Celui qui cherche bien peut éventuellement trouver une pierre gravée, levée parmi les ronces. La colline où des milliers de personnes ont été emmenées, regroupées, abattues et précipitées sous terre n’est qu’une friche ordinaire. On ne se souvient ni du ghetto ni des coins de rue où des habitants ont été exécutés sommairement. La ville contemporaine ne veut rien savoir. Le photographe français Antoine Lecharny, né en 1995, y a photographié l’oubli.

Après la première guerre mondiale, Boutchatch passe, avec le reste de la Galicie, de l’Autriche-­Hongrie à la Pologne puis à l’Ukraine, au fil de batailles couplées de pogroms. L’URSS l’annexe en 1939 et, après l’invasion de l’Union soviétique par le IIIe Reich, les plans génocidaires de l’occupant s’ajoutent à un entrelacs existant de haines et à des décennies de violence. L’histoire de la ville fait écho à celle d’un territoire plus vaste, qui s’étend de la Baltique à la mer Noire, et que l’historien américain Timothy Snyder a baptisé les Terres de sang, titre de son ouvrage majeur (Gallimard, 2012).

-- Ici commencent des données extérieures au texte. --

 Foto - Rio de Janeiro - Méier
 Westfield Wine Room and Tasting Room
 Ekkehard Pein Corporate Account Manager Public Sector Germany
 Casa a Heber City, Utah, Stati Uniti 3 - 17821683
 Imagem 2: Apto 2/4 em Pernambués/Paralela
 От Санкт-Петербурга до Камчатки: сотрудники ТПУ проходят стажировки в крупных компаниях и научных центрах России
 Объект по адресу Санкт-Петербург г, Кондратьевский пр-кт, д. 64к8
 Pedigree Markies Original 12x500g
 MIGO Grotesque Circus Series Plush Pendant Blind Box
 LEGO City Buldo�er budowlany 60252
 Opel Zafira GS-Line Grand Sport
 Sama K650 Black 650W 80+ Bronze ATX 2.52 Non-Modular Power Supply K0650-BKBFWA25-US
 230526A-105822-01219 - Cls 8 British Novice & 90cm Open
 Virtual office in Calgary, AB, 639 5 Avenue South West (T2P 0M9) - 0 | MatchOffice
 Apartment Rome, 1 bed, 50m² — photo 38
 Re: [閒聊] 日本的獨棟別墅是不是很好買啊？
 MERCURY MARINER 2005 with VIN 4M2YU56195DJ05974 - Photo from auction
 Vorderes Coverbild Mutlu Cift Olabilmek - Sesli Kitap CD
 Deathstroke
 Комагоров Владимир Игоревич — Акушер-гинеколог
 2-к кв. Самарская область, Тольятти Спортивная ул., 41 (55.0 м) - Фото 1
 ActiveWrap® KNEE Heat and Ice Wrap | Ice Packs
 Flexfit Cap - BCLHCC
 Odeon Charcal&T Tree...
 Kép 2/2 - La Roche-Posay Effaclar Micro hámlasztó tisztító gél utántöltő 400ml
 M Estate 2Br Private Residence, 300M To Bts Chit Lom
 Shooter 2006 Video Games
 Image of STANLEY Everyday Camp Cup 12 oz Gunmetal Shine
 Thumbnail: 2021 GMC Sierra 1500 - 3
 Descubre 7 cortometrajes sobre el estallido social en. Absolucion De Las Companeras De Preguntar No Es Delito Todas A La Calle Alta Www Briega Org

S’y mêle la géographie des meurtres de masse pratiqués par l’Allemagne nazie et l’Union soviétique dans les zones qu’elles ont dominées et sur lesquelles elles se sont succédé.

Points aveugles dans la mémoire de la population

Des pays Baltes à l’Ukraine en passant par la Biélorussie et la Pologne, deux millions de juifs ont été tués par balles par des unités spéciales de la Waffen-SS et des collaborateurs locaux. Ces fusillades de masse sont, avec les ghettos, les camps de concentration et les centres d’extermination, l’un des instruments du génocide des juifs d’Europe.

Les lieux, en bordure des villes, dans les forêts, où les exécutions se sont déroulées, forment un archipel de sites qui sont aujourd’hui autant de points aveugles dans la mémoire de la population. Les régimes communistes d’après guerre ne reconnaissaient pas la singularité du génocide des juifs. Les Etats qui leur ont succédé ont refusé de reconnaître l’histoire des collaborations locales avec l’Allemagne nazie. Les lieux des massacres ont ainsi sombré dans l’oubli.